I'm not sure what to think of this season's Doctor Who. First off, I'm actually not positive that I understand it either, but maybe that's the point? Last week we bid farewell to Clara Oswald, who (in being very much like the Doctor), had become reckless. Her death was uncomfortable, but I think the character of Clara had run its course so maybe this way was the best way to go forward? However, the result of Clara's death was the doctor being ensnared by Ashildr into his own confession dial, which (as it turns out) is a revolving castle where he's stalked by a monster that epitomizes his greatest fear.
The episode Heaven Sent (episode 11 of the 35th series of Doctor Who) was brilliant in its creepiness. There was the slow plodding monster that always caught up to the Doctor (82 minutes was as much of a lead as he could get on the thing if he ran from one side of the castle to the other). In order to open up new corridors, he needed to confess to the monster something deeply personal, which then caused everything to move as it does in Hogwarts.
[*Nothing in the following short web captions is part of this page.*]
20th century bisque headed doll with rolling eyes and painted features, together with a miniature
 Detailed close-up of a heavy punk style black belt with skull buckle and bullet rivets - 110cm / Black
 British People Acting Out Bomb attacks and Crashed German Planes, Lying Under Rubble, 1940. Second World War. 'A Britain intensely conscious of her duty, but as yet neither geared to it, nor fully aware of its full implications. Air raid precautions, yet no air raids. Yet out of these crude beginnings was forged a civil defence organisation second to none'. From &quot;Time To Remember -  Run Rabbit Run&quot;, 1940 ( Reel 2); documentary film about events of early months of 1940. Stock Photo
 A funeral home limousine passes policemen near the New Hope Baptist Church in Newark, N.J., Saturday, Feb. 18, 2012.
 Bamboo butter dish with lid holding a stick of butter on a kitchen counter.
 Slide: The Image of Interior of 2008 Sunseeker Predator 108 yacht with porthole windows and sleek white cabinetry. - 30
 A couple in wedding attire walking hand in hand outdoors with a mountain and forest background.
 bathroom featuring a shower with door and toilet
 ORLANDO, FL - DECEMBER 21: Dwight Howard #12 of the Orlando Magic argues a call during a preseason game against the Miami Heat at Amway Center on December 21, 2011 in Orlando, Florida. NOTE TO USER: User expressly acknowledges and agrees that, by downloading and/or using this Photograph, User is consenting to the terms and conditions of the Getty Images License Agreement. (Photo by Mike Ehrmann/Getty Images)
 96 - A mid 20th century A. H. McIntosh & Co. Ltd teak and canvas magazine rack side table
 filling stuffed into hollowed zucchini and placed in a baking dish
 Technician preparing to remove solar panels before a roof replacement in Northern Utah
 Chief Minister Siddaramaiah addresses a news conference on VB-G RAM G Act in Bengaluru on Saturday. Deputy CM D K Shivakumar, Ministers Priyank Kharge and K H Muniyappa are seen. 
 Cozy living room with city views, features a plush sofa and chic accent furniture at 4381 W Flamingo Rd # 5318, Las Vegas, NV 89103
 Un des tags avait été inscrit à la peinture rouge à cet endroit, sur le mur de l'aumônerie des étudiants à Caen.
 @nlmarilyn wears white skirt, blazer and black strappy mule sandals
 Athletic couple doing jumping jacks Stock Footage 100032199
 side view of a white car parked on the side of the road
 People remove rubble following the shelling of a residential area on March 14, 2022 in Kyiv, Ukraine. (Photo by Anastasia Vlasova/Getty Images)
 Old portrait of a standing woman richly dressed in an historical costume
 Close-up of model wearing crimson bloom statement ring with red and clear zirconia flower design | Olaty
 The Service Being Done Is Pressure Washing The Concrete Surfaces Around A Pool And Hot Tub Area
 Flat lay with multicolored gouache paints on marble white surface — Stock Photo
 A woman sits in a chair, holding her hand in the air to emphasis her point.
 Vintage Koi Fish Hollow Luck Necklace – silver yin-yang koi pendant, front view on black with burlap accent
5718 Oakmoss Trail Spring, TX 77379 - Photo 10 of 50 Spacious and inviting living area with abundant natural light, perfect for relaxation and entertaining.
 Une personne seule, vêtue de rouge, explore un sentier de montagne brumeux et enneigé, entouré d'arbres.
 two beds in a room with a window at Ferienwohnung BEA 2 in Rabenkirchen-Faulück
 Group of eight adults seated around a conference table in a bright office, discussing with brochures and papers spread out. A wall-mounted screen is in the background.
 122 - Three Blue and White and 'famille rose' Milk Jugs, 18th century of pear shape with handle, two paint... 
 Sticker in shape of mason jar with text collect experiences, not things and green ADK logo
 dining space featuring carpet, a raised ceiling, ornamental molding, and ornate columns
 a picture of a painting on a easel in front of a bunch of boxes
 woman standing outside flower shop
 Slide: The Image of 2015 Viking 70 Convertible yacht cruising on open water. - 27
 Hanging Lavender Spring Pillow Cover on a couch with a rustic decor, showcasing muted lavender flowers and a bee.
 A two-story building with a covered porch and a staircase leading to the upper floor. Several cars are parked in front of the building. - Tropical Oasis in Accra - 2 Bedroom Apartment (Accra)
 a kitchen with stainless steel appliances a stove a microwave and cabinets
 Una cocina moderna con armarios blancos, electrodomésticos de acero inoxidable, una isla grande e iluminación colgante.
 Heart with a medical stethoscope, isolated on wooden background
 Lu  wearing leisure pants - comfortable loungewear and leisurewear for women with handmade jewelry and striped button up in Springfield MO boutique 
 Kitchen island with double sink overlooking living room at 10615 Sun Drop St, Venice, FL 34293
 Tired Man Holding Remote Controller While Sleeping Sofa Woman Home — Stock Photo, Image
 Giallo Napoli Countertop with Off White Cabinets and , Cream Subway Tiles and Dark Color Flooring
Eventually, he'd find himself at room 12 which had some kind of wall harder than diamond and many feet thick (covering the way out which consequently led to Gallifrey--the doctor's home world which he kind of/sort of destroyed). He could hammer at it with his fists and make a small chip here and there like a bird pecking at a diamond. Then his greatest fear would catch him and...dying...the doctor would crawl back to a room where he would fry his own brain with an electrical charge to force a version of himself stuck in the hard drive of a computer to be born so he could start over again (have you guys ever seen the movie "The Prestige"? It's like that). After several billion years of doing this and repeatedly chipping at the wall, he finally breaks through to find Gallifrey. At least, that's what I got from it.
The episode was as creepy as Doctor Who gets too. It effectively used lighting and the loneliness of being trapped in this shifting prison (not to mention the buzzing flies which heralded the approach of the monster) to convey fear. And when the mystery of thousands of skulls buried beneath the water was solved (they all belong to the Doctor and his billions of reincarnations) the true horror of this place set in. Basically, the Doctor was trapped in his own hell and just like the journey the narrator takes in Dante's Inferno, he had to pass through the portal in the ninth layer before he could begin the ascent to some kind of redemption.
Anyway, the great reveal at the end of the episode is another confession from the Doctor: that he's the Hybrid, and I've got to confess I'm not really sure what that all means in the lexicon of Doctor Who. Any readers care to explain it to me? I'd be interested to know. This series continuously pushes the envelope of what I think I understand.